Gotta stop the madness.

For a long time I've been "on" a very-low calorie diet. I'm saying it like that because no, I haven't been on it. I've been pretending to be on it, trying to psych myself up to commit to it, going to the doctor and getting on the scale and seeing it go up and down by 3-4 pounds and just praying I didn't gain anything this week. For whatever reason, the idea of living on 900 calories a day is very anxiety-inducing for me, and while I know on the one hand it would make me thinner, on the other hand it makes me nervous. I hate being hangry, I hate being light-headed, I hate being restricted to shakes and tiny portions. I keep telling myself that I can do this, but I'll tell myself I will start this tomorrow, so today I will go to Wendy's and have an awesome burger and a frosty so I'll have one last fun day before I start starving myself again.

A few days ago, I went to a book signing. One of my childhood idols, Tiffani Thiessen, wrote a cookbook, and I really wanted to buy it. Honestly I didn't care so much about the book. I was just excited to meet this person I'd grown up with. She did a short Q&A that we in the audience were told to keep to asking about food. No Saved by the Bell or 90210 questions... just about cooking. People seemed to obey. ;) Then she did a meet-and-greet. So I came away from this with a couple thoughts...

1. She is still gorgeous, you guys.
2. I want to eat food! I WANT TO ENJOY FOOD. I am so tired of food being a weapon I use against myself. I want to eat healthy food in moderation, not starving and then overdoing it when I can't starve myself anymore.

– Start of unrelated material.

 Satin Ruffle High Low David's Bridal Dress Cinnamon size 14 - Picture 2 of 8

I'm not getting any younger. Let's get this shit under control.

Also, when you are only eating 900 calories, you can't really exercise much. You can do a lot of walking, maybe running (although I have arthritis in my knees and was told not to do high-impact work outs... so RIP Zumba). I was told it's fine to go to spin class if I felt up to it. You're not really supposed to lift weights. I would do it sometimes but not consistently because I would be afraid that I would wear myself out.

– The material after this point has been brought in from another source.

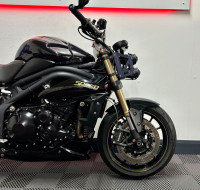 TRIUMPH SPEED TRIPLE 1050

I'm going to try something different. I'm going to try going up to 1200 calories and working my ass off in the gym. If I hit 1300 on a day when I work hard, it's OK. I want to get off the weird roller coaster and commit to healthy, non-processed foods that I cook for myself (at least most days) and work out with my boyfriend at the gym. Boyfriend loves to lift. It's his thing. And trust me, it shows.

I don't know if I'll lose pounds because my metabolism sucks, but I do know that it will be a healthier way to live than what I've been doing to myself. We'll see how this goes.

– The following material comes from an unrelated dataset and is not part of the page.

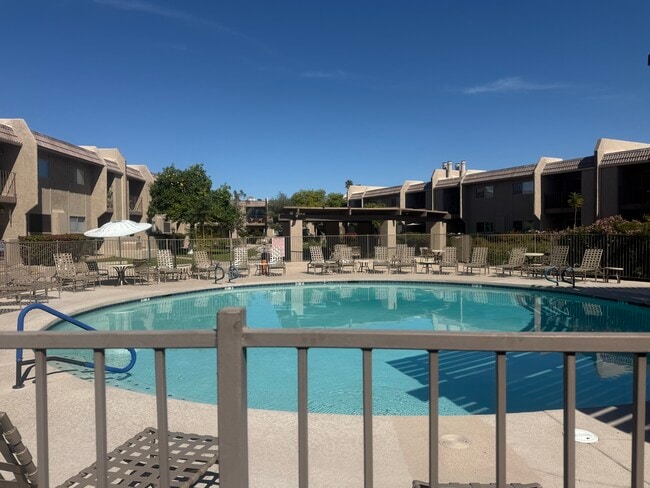 7430 E Chaparral Rd, Unit 108A in Scottsdale, AZ - Building Photo - Building Photo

In other goals... I've been working on my Norwegian language and have almost mastered the dates/times section on Duolingo. I've been keeping up my Spanish by reading articles online and I even had a parent conference in which I spoke to the parent just in Spanish, which was not something I thought I could do when the meeting started. I'd told the social worker (who was also interpreting for us) that I would just speak English and she could interpret and she said, "No, go for it! I'll help if you need me." I only needed her to tell me one word. I'm sure it wasn't perfect. I'm sure the grammar was clumsy and I'm sure it wasn't the most eloquent meeting this parent has ever had but we understood each other and at the end the social worker gave me a high five. When I started speaking, I said "No puedo hablar con fluencĂ­a, pero voy a probar!" I can't speak fluently, but I am going to try. And the social worker pumped her fist and mouthed "get it, girl!" (The parent was on speakerphone. Did I mention that?)

I've read 43 books this year. The goal was 100. I'm still determined!

I have 16.6 miles to go on my New England Trail hiking challenge for 2018. I have tomorrow off so hopefully I can get some good miles in.

We're going pumpkin-picking this morning and then I'm heading to the gym before I go hiking. The forecast is cloudy but warm. Time to get moving!